Let's take a simple example where we have 5 days of recorded sales.

DAY 1 | DAY 2 | DAY 3 | DAY 4 | DAY 5 | |
---|---|---|---|---|---|

SALES | 1 | 4 | 2 | 0 | 5 |

If we were to forecast the sales for day 6 using the average of the previous days, we would just calculate

$$\frac{1+4+2+0+5}{5} = 2.4$$Another way to think of the average is to assign each value a weight. In this case, each day will have equal weighting - or you can think of it as each day having an equal influence on the final forecast. We have 5 days, so our weight will be $\frac{1}{5}=0.2$.

DAY 1 | DAY 2 | DAY 3 | DAY 4 | DAY 5 | FORECAST | |
---|---|---|---|---|---|---|

SALES | 1 | 4 | 2 | 0 | 5 | |

WEIGHT | 0.2 | 0.2 | 0.2 | 0.2 | 0.2 | |

SALES * WEIGHT | 0.2 | 0.08 | 0.04 | 0 | 1 | 2.4 |

We can multiple the weight on each day with the recorded sales and sum the result. As expected, our forecast is also 2.4. Great, you say, a longer way of calculating the average. But we can adjust the weights, and in the case of simple exponential smoothing, assign a larger weight to Day 5 and decrease it exponentially the further back in time we go. This will make forecast more sensitive to Day 5 and less to Day 1.

The function we will use to calculate the weights takes the form of $\alpha(1-\alpha)^t$, where $\alpha$ is known as the *smoothing factor* and $t$ is the number of steps backward from the last observed value. The value of $\alpha$ must be set to $0 < \alpha < 1$.

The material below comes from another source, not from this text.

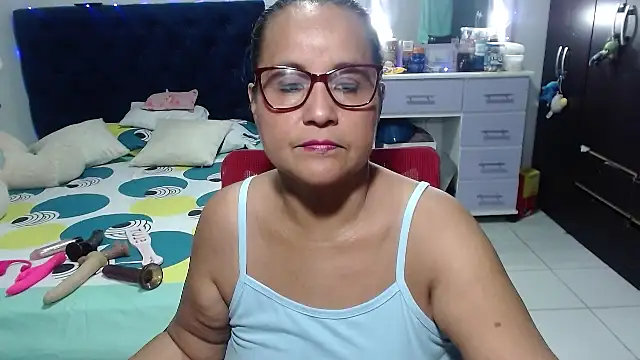 pervert mommy  online show from February 2026 11:10:01 AM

To begin, let's use $\alpha$ = 0.8.

$$Day 5 = 0.8 * (1 - 0.8)^0 = 0.8$$$$Day 4 = 0.8 * (1 - 0.8)^1 = 0.16$$$$...$$DAY 1 | DAY 2 | DAY 3 | DAY 4 | DAY 5 | FORECAST | |
---|---|---|---|---|---|---|

SALES | 1 | 4 | 2 | 0 | 5 | |

WEIGHT | 0.00128 | 0.0064 | 0.032 | 0.16 | 0.8 | |

SALES * WEIGHT | 0.00128 | 0.0256 | 0.064 | 0 | 4.0 | 4.09 |

We can again multiply the sales and weights and sum the results. This time our forecast is much higher, because it's heavily influenced by the last observed of 5.

There's two scenarios to consider to gain a little intuition about setting $\alpha$ and it's effect on the forecast.

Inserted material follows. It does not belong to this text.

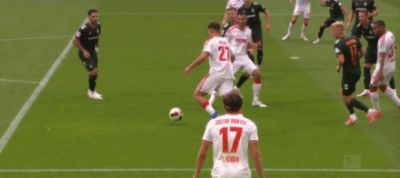 半场：科隆1-0云达不莱梅，马伊纳破门，达林加失点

- If $\alpha=1.0$, then the weight of Day 5 will be 1.0 and the others days will be 0. We are then just taking day 5 as our prediction - so it ends up being a naive forecast.
- If $\alpha$ is close to 0, the exponential function becomes relatively flat. The weights are more equal, so we end up with a forecast that resembles the mean.

So while $\alpha$ is referred to as the *smoothing* factor, it's actually the lower values of $\alpha$ that will give a 'smoother' result.

We can plot the plot the weights for different values of alpha to see the how the weights change, eg alpha=0.5 and 0.1.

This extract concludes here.